I used NOPCommerce directly before going to Neto, as that was what the business was using before I was involved. It was a piece of poo. Worst eCommerce system I’ve ever seen, almost unworkable, and with absolutely no redeeming features compared to other available platforms. Only pushed on clients by ASP programmers because it’s built in ASP, so represents an easier system to build for those who are familiar with Microsoft ASP programming rather than the more commonly used PHP. But in terms of features of the software itself or usefulness for business owners – it’s a bad joke, or at least it was when I last used it.

Maybe it’s improved in the last 5 years, it would have needed it, it was pathetic.
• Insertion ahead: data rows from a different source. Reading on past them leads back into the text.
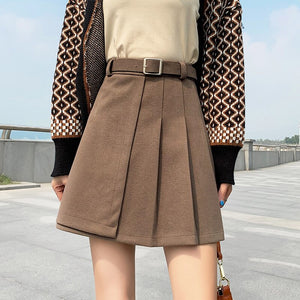 Ladies Elegant A-line Pleated Skirt Korean Style Vintage Woolen All-match Women Casual Mini Skirts With Belt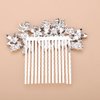 Teyglen Women Dainty Silver Gold Green Rhinestones Bride Wedding Hair Comb Luxurious Hair Accessories Shiny Red Blue Rhinestones Bridal Side Hair Combs for Women Bride Girls (Silver Blue)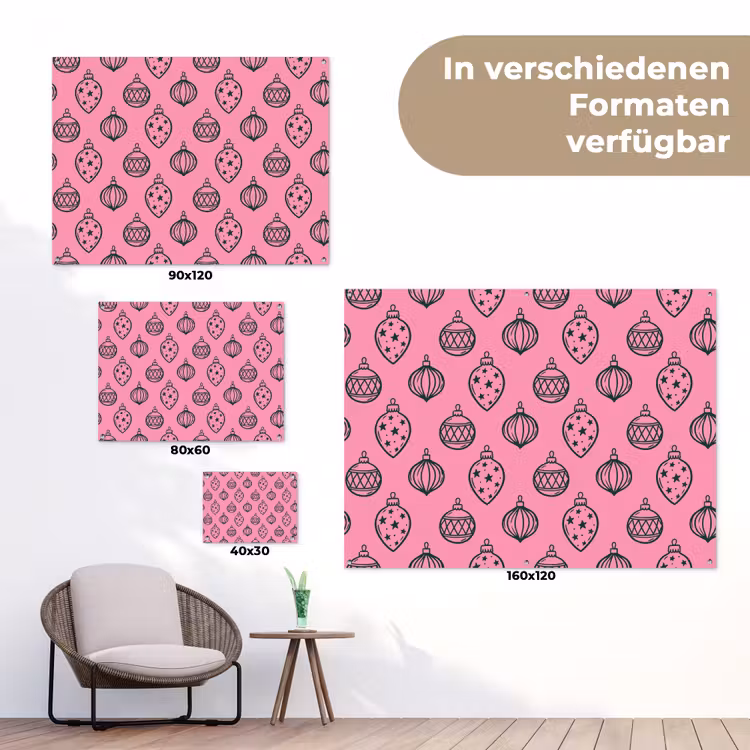 Gartenposter - Weihnachtskugel – Grün – Rosa — 6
I’m not saying everyone should stay with Neto. For some it still represents the best option, at least for now, for others a move is in order. But in terms of what to consider if Neto is no longer for you, I’d suggest Shopify, Woocommerce, BigCommerce, Magento, Netsuite etc as viable options, depending on where you fit in the market. Possibly a few more. But not NopCommerce!

3 years ago

That you not started with a batshit crazy anti Microsoft diatribe says your 1 of those flakes that destroys business’s because your more interested in you anti Microsoft obsession than delivering a solution that address’s the clients business needs.
Shame on you!
Oh and as for the idiotic claim that PHP is more common than C#, a quick look on seek or any of the other job sites soon puts that myth to bed.